Best Parameters: {'max_depth': 3, 'min_samples_split': 2}
Tuned Decision Tree Accuracy: 0.7988826815642458


## Hyperparameter Tuning – Random Forest

In [12]:

param_grid_rf = {
    "n_estimators": [100, 200],
    "max_depth": [None, 5, 10],
    "min_samples_split": [2, 5]
}

grid_rf = GridSearchCV(RandomForestClassifier(random_state=42),
                       param_grid_rf,
                       cv=5)

grid_rf.fit(X_train, y_train)

print("Best Parameters:", grid_rf.best_params_)

rf_best = grid_rf.best_estimator_
rf_tuned_pred = rf_best.predict(X_test)

print("Tuned Random Forest Accuracy:",
      accuracy_score(y_test, rf_tuned_pred))

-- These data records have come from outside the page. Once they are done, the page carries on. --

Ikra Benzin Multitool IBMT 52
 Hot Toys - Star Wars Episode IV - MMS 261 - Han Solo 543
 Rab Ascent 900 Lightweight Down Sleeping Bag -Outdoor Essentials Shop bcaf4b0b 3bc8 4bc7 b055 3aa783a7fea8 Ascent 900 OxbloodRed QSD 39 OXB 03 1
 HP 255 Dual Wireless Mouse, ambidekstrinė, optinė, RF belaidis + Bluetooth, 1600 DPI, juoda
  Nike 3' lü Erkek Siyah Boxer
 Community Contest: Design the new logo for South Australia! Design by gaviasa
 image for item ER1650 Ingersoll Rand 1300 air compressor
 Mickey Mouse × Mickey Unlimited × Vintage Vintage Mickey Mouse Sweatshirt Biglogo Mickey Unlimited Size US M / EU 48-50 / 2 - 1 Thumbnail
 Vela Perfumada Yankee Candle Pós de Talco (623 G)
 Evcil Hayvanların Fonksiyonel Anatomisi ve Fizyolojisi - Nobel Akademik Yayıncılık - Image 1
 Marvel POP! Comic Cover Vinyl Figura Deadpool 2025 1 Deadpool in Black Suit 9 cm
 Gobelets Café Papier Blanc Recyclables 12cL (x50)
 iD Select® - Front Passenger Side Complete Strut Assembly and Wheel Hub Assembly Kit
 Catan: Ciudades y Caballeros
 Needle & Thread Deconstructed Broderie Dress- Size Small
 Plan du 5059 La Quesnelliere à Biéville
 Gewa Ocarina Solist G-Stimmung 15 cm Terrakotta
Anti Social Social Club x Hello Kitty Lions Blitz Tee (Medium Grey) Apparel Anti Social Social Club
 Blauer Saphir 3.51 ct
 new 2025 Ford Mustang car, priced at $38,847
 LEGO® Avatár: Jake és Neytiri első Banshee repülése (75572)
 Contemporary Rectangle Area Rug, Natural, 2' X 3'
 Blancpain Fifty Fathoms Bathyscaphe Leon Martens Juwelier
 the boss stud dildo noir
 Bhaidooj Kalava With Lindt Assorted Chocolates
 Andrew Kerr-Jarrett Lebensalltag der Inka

Best Parameters: {'max_depth': 5, 'min_samples_split': 2, 'n_estimators': 100}
Tuned Random Forest Accuracy: 0.8156424581005587


## Conclusion
- Logistic Regression provides a strong baseline.
- Decision Tree improves after tuning.
- Random Forest performs best after tuning.
- Hyperparameter tuning improves overall accuracy.